Task description: Would you please retype, exactly, the lines of the listing below between the line with "Áo sơ mi Thái" and the line with "Hand-cranked Generator Handmad", inclusive?

Supplied records:
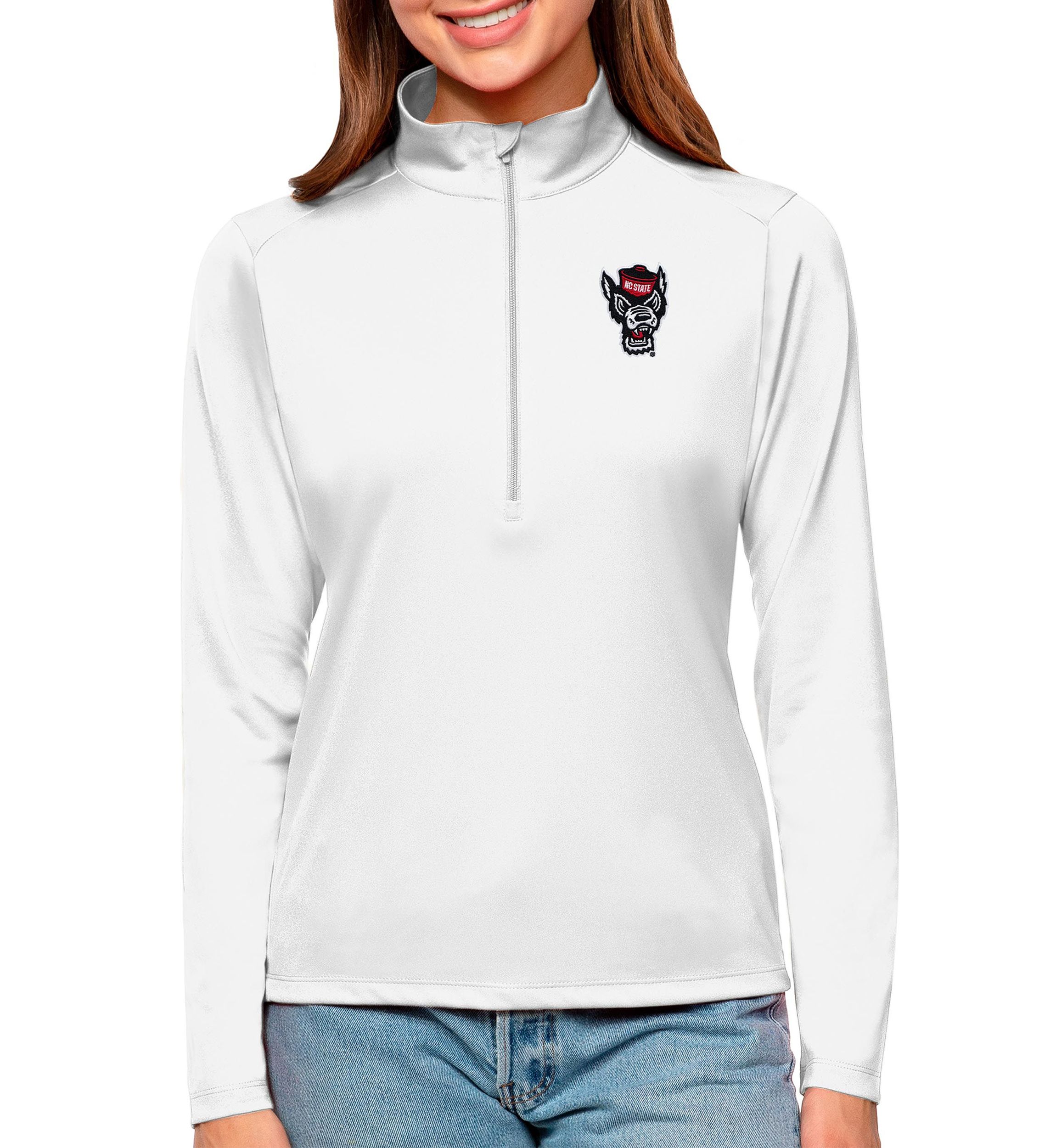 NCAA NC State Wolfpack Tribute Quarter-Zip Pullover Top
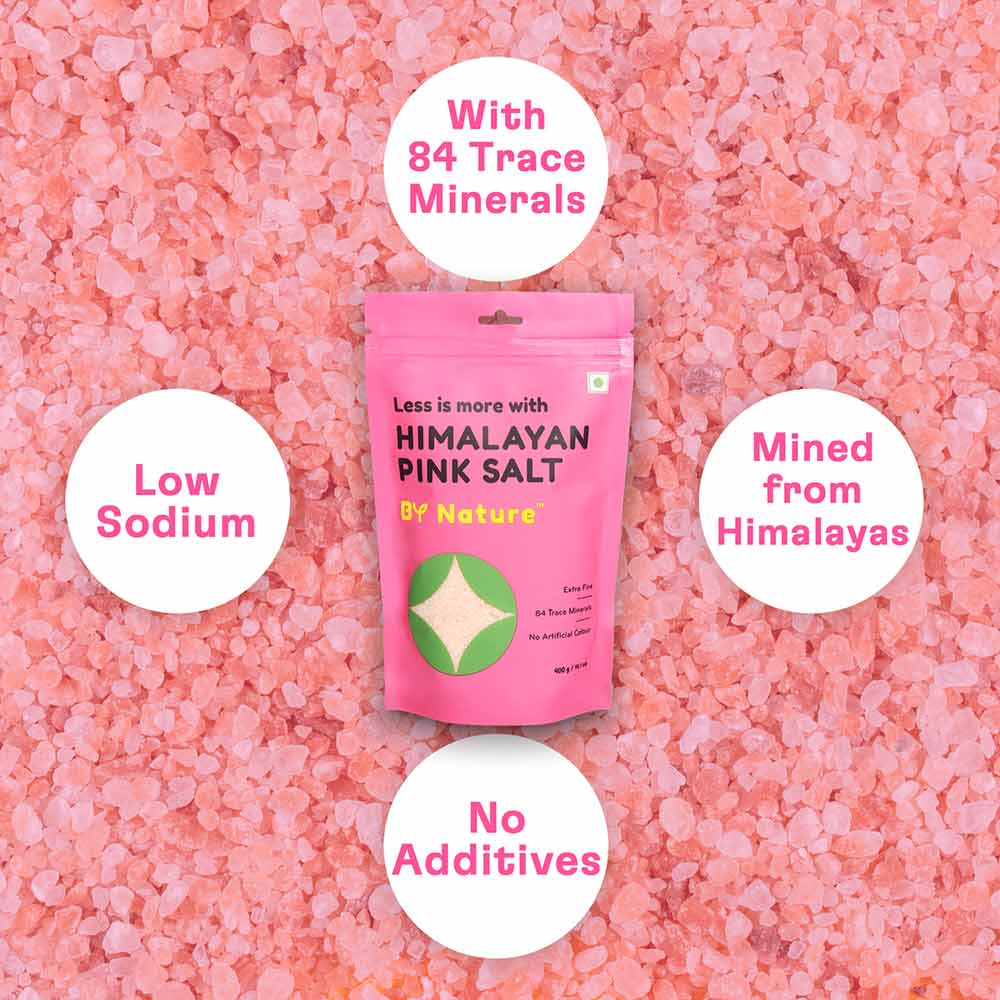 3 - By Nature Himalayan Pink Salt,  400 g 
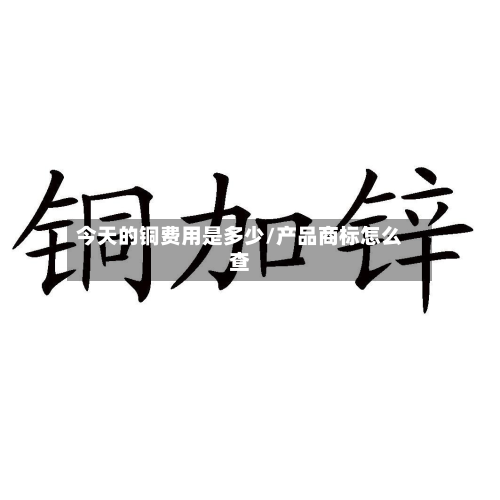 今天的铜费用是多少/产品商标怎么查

---

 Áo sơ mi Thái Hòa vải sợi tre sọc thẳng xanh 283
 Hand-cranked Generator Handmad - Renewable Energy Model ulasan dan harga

...

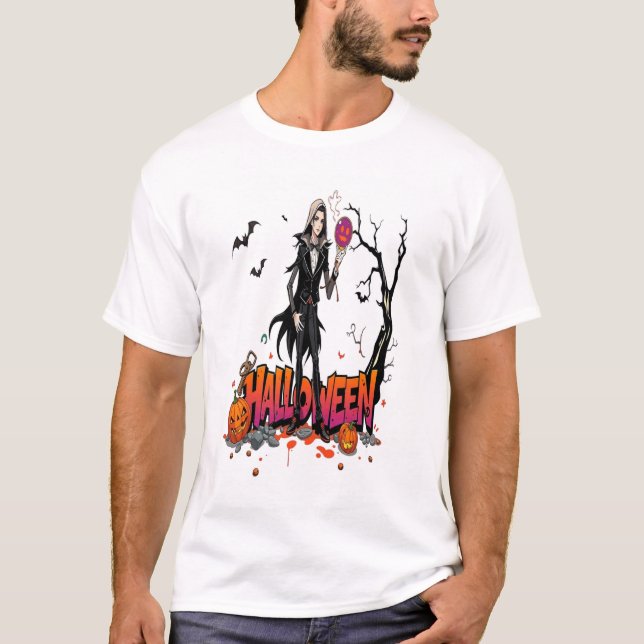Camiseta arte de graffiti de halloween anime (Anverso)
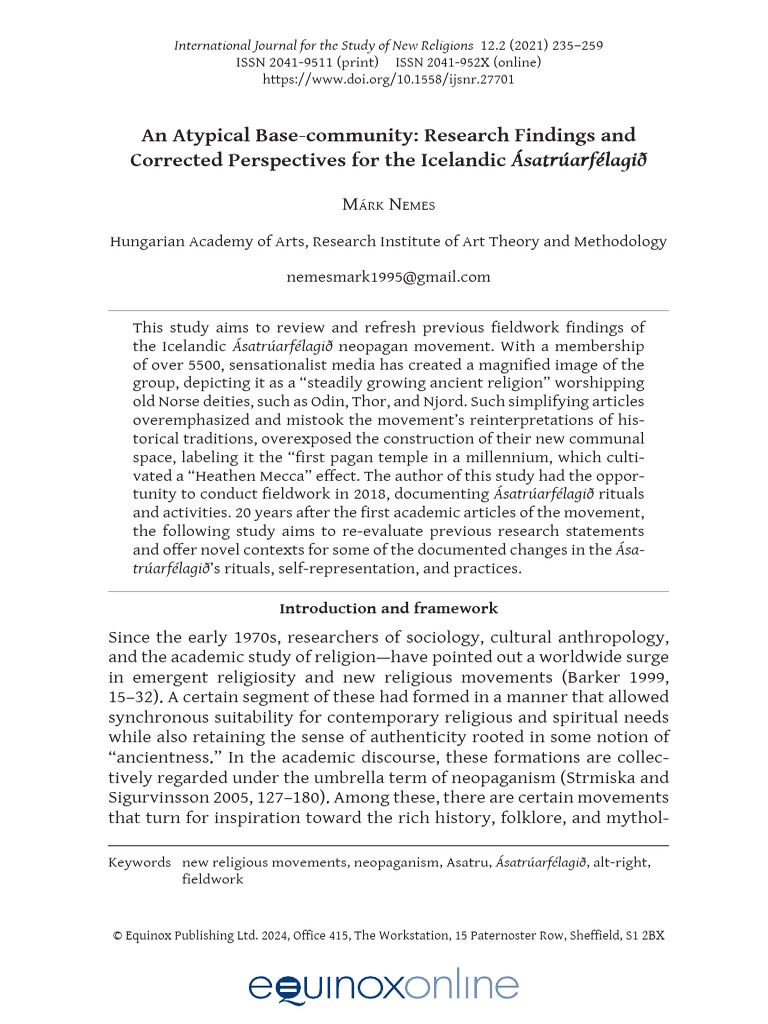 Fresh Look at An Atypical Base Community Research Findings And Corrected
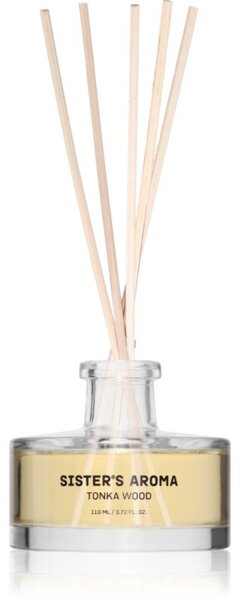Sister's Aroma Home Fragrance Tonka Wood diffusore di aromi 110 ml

Result of this exercise:
 Áo sơ mi Thái Hòa vải sợi tre sọc thẳng xanh 283
 Hand-cranked Generator Handmad - Renewable Energy Model ulasan dan harga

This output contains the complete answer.